Bahreyn Dışişleri Bakanı: Katar dönüş gemilerini yaktı

Bahreyn Dışişleri Bakanı Şeyh Halid bin Ahmed
Bahreyn Dışişleri Bakanı Şeyh Halid bin Ahmed
TT

Bahreyn Dışişleri Bakanı: Katar dönüş gemilerini yaktı

Bahreyn Dışişleri Bakanı Şeyh Halid bin Ahmed
Bahreyn Dışişleri Bakanı Şeyh Halid bin Ahmed

Önümüzdeki pazar günü Suudi Arabistan’ın ev sahipliğinde gerçekleştirilecek Körfez zirvesine günler kala, Körfez ülkeleri ve Katar arasındaki anlaşmazlık ve Katar’ın konseye olan bağlılığı halen gündemde.

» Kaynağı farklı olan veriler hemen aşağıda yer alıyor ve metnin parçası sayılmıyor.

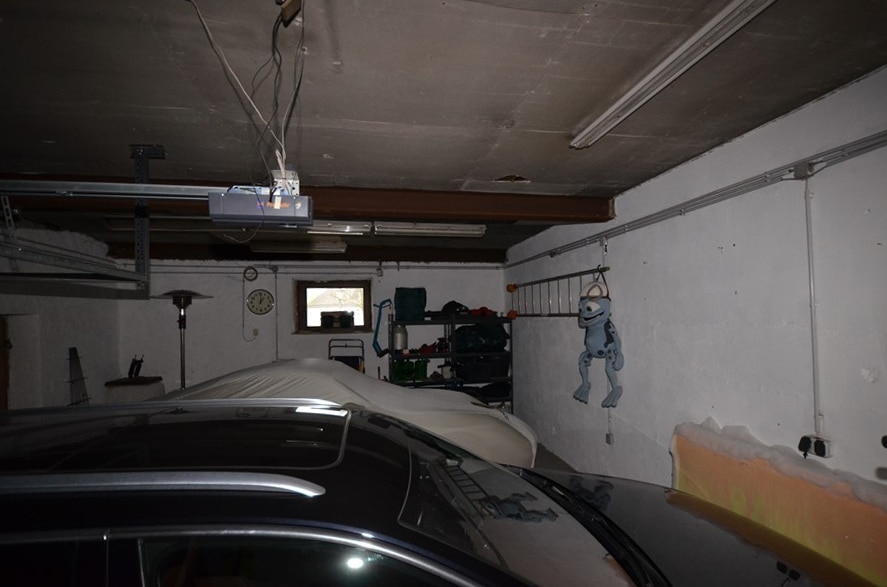 Garage - 2 huizen als interessant beleggingsobject of voor eigen gebruik, Niederehe (12)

Bahreyn Dışişleri Bakanı Şeyh Halid bin Ahmed Al-i Halife, ilgili durumu çok derin bir anlaşmazlık olarak nitelendirerek, daha önce konsey ülkeleri üyeleri arasındaki bir anlaşmazlığın böyle bir dereceye ulaşmadığını belirtti.
Şarku’l Avsat’a konuşan Şeyh Halid, Katar’ın konseye döneceği tüm gemileri yaktığını ifade ederek, yeni bir anlaşmanın gerekli olduğunu ve Doha'nın mercek altına alınması gerektiğini söyledi.

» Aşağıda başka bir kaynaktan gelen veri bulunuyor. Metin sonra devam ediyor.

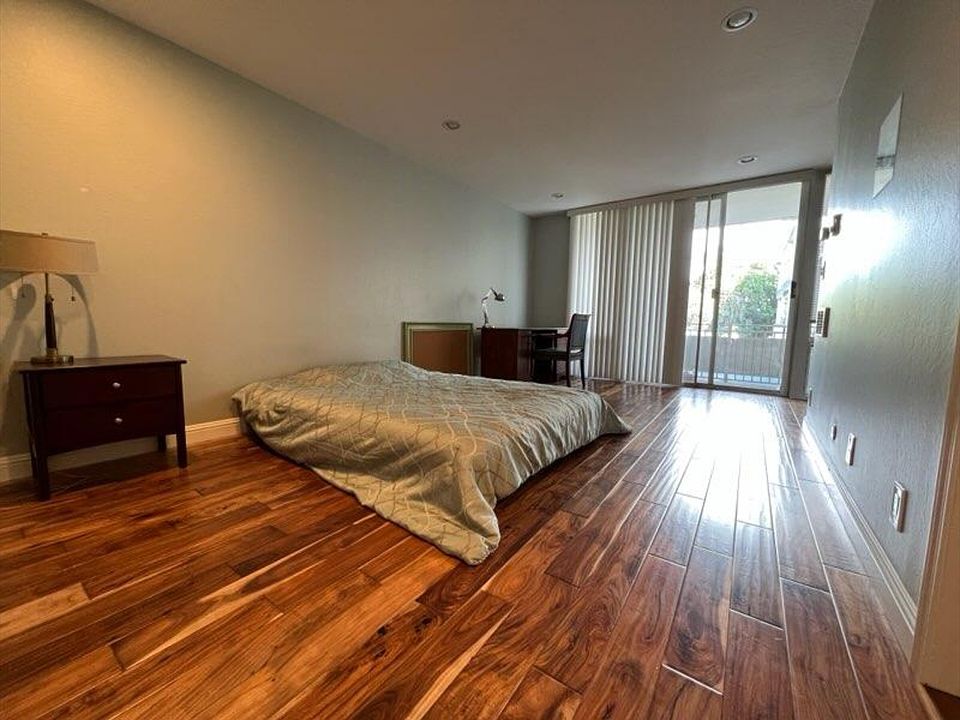 1st image of 1614 Hudson St APT 109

Şeyh Halid, Katar'ın Körfez Arap Ülkeleri İşbirliği Konseyi (KİK) anlaşmalarına en az riayet eden devlet olduğunu kaydederek, Doha'nın kendisini düzeltmesi gerektiğini vurguladı. Şeyh Halid, bir sonraki zirvede tartışılması beklenen en önemli gündem maddesinin “üye ülkeler arasındaki askeri işbirliği dosyası” olduğunu söyledi. Ayrıca Manama'nın politikasının açık olduğunu ve saklayacak hiçbir şey olmadığını belirterek, İsrail başbakanının Bahreyn ziyaretine ilişkin düzenlemelere dair söylentileri reddetti.

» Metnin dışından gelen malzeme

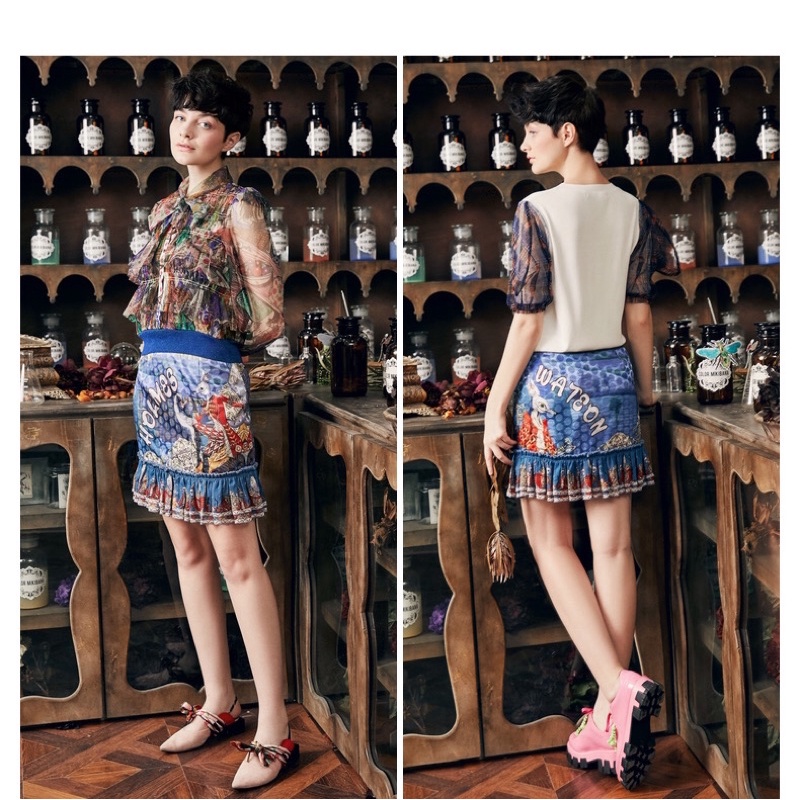 Chân váy xanh hoạ tiết Color Mikibana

Körfez zirvesi kapıda olduğu için izin verirseniz öncelikle şunu sormak istiyorum: Zirvenin ele alacağı en önemli konular neler?
- Aslında zirvenin önünde bilinen birkaç dosya var. Fakat bu dosyalardan en önemlisi KİK ülkeleri arasındaki stratejik askeri iş birliğidir. Bu önemli bir odak noktası olmakla birlikte zirve sırasında dosyaya ilişkin birtakım kararlar alınacak. Zirvenin önünde karmaşık bir mesele yok. Körfez ülkeleri, Konsey Genel Sekreterliğinde birçok dosyayı zaten tartıştılar. Liderler, bir araya geldikleri zaman tartışacakları birçok konuyu masaya yatırmayabilirler. Güncel konuları ihtiyaç olduğu takdirde tartışmak istiyorlar. Zirve bir gün sürecek. Dolayısıyla önümüzde oldukça sınırlı bir süre var.
Katar’ın zirvede temsil edilmesini umuyor musunuz?
- Zirvede Katar'ın temsil edilmesi bizim açımızdan önemli değil. Varlığı ve yokluğu aynı. Yaptıklarımız Katar'ın yaptıklarına bir tepki olarak geldi. Eğer Katar konsey üyesi midir diye sorarsanız, evet konsey üyesidir. Fakat Yarımada Kalkanı gibi kendi birliklerini kullanmaktan ziyade, yabancı birlikleri kullanıyor. Katar topraklarındaki yabancı birlikler, Doha’nın konsey ülkeleri için oluşturduğu en büyük tehdittir. Katar’ın konsey ülkelerine karşı yürüttüğü düşmanca politika oldukça açık. Son dönemde Suudi Arabistan'a karşı benimsediği düşmanlık kapsamındaki faaliyetleri bunun en yakın örneği. Özellikle de Veliaht Prens Muhammed bin Selman’a karşı benimsediği suiistimal politikası ile bu daha da belirgin bir hale geldi. Bütün bunlardan sonra Katar’ın gerçekten KİK’e ait olup olmadığını sorabiliriz. Katar KİK anlaşmalarına en az riayet eden devlet. Bundan dolayı vaktimizi hayaller ve temenniler ile boşa harcamak istemiyoruz. Doha'nın kendisini ıslah etmesi gerekiyor. Katar'ın yaklaşımını değiştirmeyeceğini gösteren bir gerçeklik var, bizim ise gerçekleşmesini umut ettiğimiz temennilerimiz…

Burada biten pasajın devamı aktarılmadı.